Data Science : Faster approximate neighbourhood search with Locality Sensitive Hashing
Reducing time complexity of KNN by using an approximation algorithm

1) The Problem with KNN
If you have to perform a neighbourhood search, you would have to go through all the points in your dataset and calculate distances between each and get the first K nearest neighbours with least distances. This would cost a run time complexity of O(n*d) since you would run through each of the ’n’ training data points and each point being a ‘d’ dimensional entity. So if you have a large data to scan, this would take forever to run. A better solution to this is to use Locality Sensitive Hashing which is an approximation algorithm. Let’s take an example where you have the following set of points in a 2D space. To keep things simple, we will take 2-dimensions for now.

2) Locality Sensitive Hashing (LSH)
What this does is it partitions the space into multiple regions by using seperating hyperplanes. Think of it as you are trying to slice a large pizza into sub regions by slicing each cut of the pizza across the diameter.

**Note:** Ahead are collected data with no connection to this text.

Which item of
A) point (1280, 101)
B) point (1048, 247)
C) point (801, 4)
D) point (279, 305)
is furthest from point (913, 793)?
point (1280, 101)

Here, we can see above that we have used 8 random hyperplanes (Let ‘M’ be the number of hyperplanes used) to partition our space into (2*M) subspaces/regions/slices in the 2D space. So, in this case we have 2*8 = 16 subspaces.
For generating random hyperplanes, you can use the equation of a hyperplane as (wTx + b = 0) where each of the w are sampled from a Gaussian random N(0,1) to obtain the stochasticity in the hyperplanes that are generated.
Now, you can think of each slice as a local neighbourhood in space. If you were in a 2D world, this assumption would hold true intuitively as it is easier to imagine as well. Now, how do we represent each of these 16 subspaces ?
We can go back to our high school linear algebra and get the answer. If you think about it intuitively, each of the 16 subspaces that we have obtained can be represented as a 8 dimension vector (number of hyperplanes) because each of these subspace either lies on the positive or negative side of each of the hyperplanes. So ,we just take the sign of (wTx + b) — if this is > 0, it indicates it lies on the right side and if it is < 0, it indicates that it lies on the left side of the hyperplane. Let’s have a sign function which returns +1 if it lies on the right side and return -1 if it lies on the negative side.

So basically, we can represent each of our subspaces as follows —

So, we can see that Region 1 (R1) in the figure above is represented as [-1,+1,-1] since all the points in Region R1 — if you apply the function sign(wTx + b) across each of the hyperplane, you get this result.
The way you construct the above m-dimensional vector for each of the subspaces is —
for hyperplane 1 = sign(w1Tx + b)
for hyperplane 2 = sign(w2Tx + b)
…….
for hyperplane 8 = sign(w8Tx + b)
and then construct the 8 dimension vector as above. Ideally, you can neglect the intercept term since I have taken a simple case where all the hyperplanes passing through origin so you can take b = 0.
So you have obtained the 16 hash buckets ([-1, +1, +1]) for each subspace. Now, we can just store this in a key-value store where your key would be the hash-bucket that you have obtained and values could be the point indices of all the training data points in your training dataset.
3) Accounting for Approximation & Stochasticity in the LSH output
Now, you must have understood that LSH gives multiple outputs each time you run because you are generating random hyperplanes which are being sampled from a normal distribution. So, every time you run LSH with same hyper-parameters, you get different outputs. To tackle this stochasticity, we run the LSH algorithm multiple times in our dataset and then for a query point, we choose the intersection set of points across all LSH algorithms as our neighbours because we want to be sure that a given point is a neighbour if and only if the point stays consistent with random hyperplane slicings.
For a given query point xq during run time,
N(xq, LSH 1) — {x1, x3, x6, x8, x9}
N(xq, LSH 2) — {x5, x3, x8, x15}
…..
N(xq, LSH 10) — {x1, x3, x8, x17, x19}
So our final neighbourhood set can be treated as N(xq) = {x3, x8} as these are the only 2 points that stay consistent across all the 10 LSH generators. You can also choose to have more neighbours but need to limit the number of LSHs you run because the more times you run, your neighbourhood set would narrow down but your confidence about the neighbourhood set being actually a neighbourhood of the query point will increase.

4) Results obtained with LSH on the dataset
As you can see if we run LSH on the above dataset for a query point, we are able to find the nearest neighbours. The green point represents the query point whereas the blue points represent the neighbours. Please note here that neighbours here are calculated with respect to Cosine similarity and not Euclidean distance. So basically, the neighbours that are obtained here are basis angular similarity of vectors and not the euclidean L2 distance.